Having a conversation recently in Another Place about drinking Foster's from choice, so as to be able to drink for longer at parties, reminded me of when I used to go to Oslo every month for a couple of years to see my then-girlfriend.

I quickly learned a few things about Norgie drinking habits...

* They all drink like fish.
* Nobody ever buys a round.
* But they will instantly accept inclusion into a round, they just never buy you one back.
* 1 Norgie only buys another alcohol if they want to sleep with them.
* Beer was (around 2001-2002) about £6-£7 a pint
* And it was crap generic Eurolager from Ringnes
* You always get served a short measure; nobody ever asks for a top-up
* People normally leave the last 2cm or so of beer in their glass
* And you usually leave any coins in your change for the barperson

It's as if it were some ritual of extravagant spending to demonstrate great wealth or something. Look at me, I can afford Kr65 beer, not full, and leave some and leave the change!

So I rapidly decided "sod that". I stopped offering drinks, which was absolutely fine - nobody minded at all. But then I stopped drinking the real beer.

Everywhere also offers "lettøl" - light beer. Still lager but 2% or under. Since alcohol is state-controlled, it can't be advertised or promoted, so breweries make lettøl which it is legal to advertise, and which you can buy in unlicensed outlets like kiosks, burger places and the cinema. (Supermarkets are only allowed to sell weak alcohol, under 4% -- you get some weak lagers, British stouts and things, but they are very rare in bars. Anything stronger you have to buy from the government, via Vinmonopolet, the Wine Monopoly -- sold from a pictureless catalogue, like a downmarket high-security Argos, so as not to tempt you to overconsumption.)
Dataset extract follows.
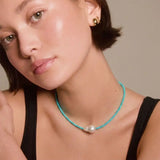 Turquoise Beaded Pearl Choker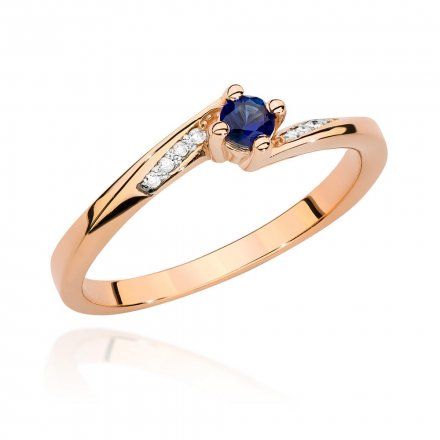 Biżuteria SAXO 14K Pierścionek z szafirem i diamentami 0,15ct BC-028 Różowe Złoto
And lettøl is cheap -- well, cheap by Norgie standards. Couple of quid, say -- around a quarter of the price of actual beer.
All bars will have banners and promotional material for lettøl -- but nobody drinks it in bars.

So I switched to drinking lettøl. It tastes much the same, saved me a fortune, and after all, the primary purpose of the visits was to see my G/F, not to get drunk on rubbish beer at great expensive.

And this appalled my friends and ex's colleagues. "You can't drink that! It's not real beer! You don't want it, you want proper beer!"

I had to be very assertive indeed, and they didn't believe I actually wanted it. I was deranged or must have had a bang on the head or something. Nobody drinks lettøl from choice.